Wednesday, 1 February 2006 | Category : Press Releases

The Village Manager Association (VMA) is extremely disappointed in the recent actions of the Village Board of Trustees regarding both the negotiations related to purchase of the Colt Building and 1145 Westgate and the impact that the purchase may have on the Village and other important taxing bodies such as our excellent schools. We believe that the actions of the majority of the Board are failing the citizens of the Village of Oak Park in significant and critical ways. There are a number of important points which need to be made and questions that need answers.

  • The Taxman Group and their Focus Development partner have developed numerous projects in the Chicagoland area. Regardless of whether you like the style or architecture, the Taxman Group has been a developer that had confidence in Oak Park long before any others and the relationship has sustained permanent damage.
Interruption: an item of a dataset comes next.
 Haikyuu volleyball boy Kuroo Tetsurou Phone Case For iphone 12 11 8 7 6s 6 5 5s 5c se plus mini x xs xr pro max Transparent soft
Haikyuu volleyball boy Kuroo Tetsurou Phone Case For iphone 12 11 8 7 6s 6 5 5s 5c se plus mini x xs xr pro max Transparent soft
The $19.5 million dollars (or $27 million including the proceeds from the sale of the Colt and 1145 Westgate) that the Taxman Group received from the sale of the Shops will likely not be reinvested in Oak Park. Lets see what happens.
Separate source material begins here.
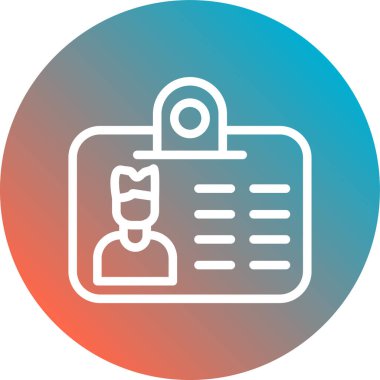 Modern eğitim ikonunun vektör illüstrasyonu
  • When Trustees meet and negotiate deals with their party officers involving policy decisions on Village acquisition of property and exclude both the public and the rest of the elected officials, there is cause for great concern. Discussions behind closed doors fly in the face of open and transparent government, but equally as important it casts a pall on the entire process.
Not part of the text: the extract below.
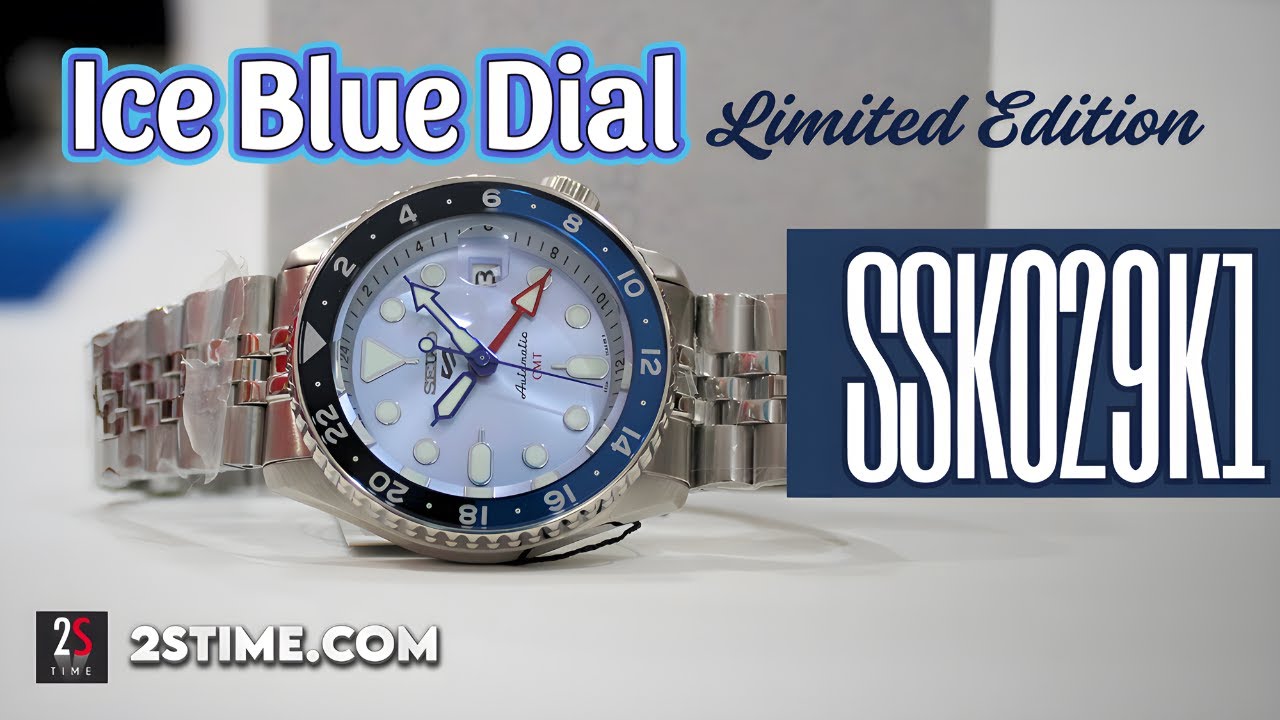 SEIKO 5 Sport GMT SSK029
  • Likewise, the fact that any substantive negotiations were held begs the question: how could non-Trustees possibly have all the information they would have needed to hammer out a compromise? As all Board discussions since the last public meeting with the Taxman Group were held in Executive Session, it would appear that confidential information could have been shared. Was it.
  • How is it that the recommendations from the Board-appointed DTOP Superblock Steering Committee can be cherry picked and still succeed? In other words, the opening of Marion Street was recommended in conjunction with the construction of a new street. Similarly, the location of the proposed parking structure also contemplated that new street. What now? And how will citizens be involved? Are we destined to hire more consultants, get more public input, and possibly end up with another recommendation to tear down the Colt Building and add a new street? Isn’t that a waste of taxpayers time and money.
  • Given the strong presence of preservationists on the DTOP Superblock Steering Committee that recommended against buying and rehabbing the Colt Building, how could the plan be deemed anti-preservation.
  • To think that Oak Park exists in a vacuum is both naive and damning. Other developers, businesses, and investors are watching and listening. They will see or hear or talk about this turn of events and take their ideas, their money, and most importantly their potential tax dollar generation elsewhere. That is a huge loss for our schools, our parks, and all of us who depend on tax revenues.

The VMA hopes that all citizens will view this series of actions for what it was  a manipulated, closed process, which not only ignored the input of the community and its Commission members, but also flies in the face of any campaign promises made by the newly elected Trustees. The fallout of this decision to buy the two buildings, no matter the ultimate outcome, will be with us for a long, long time.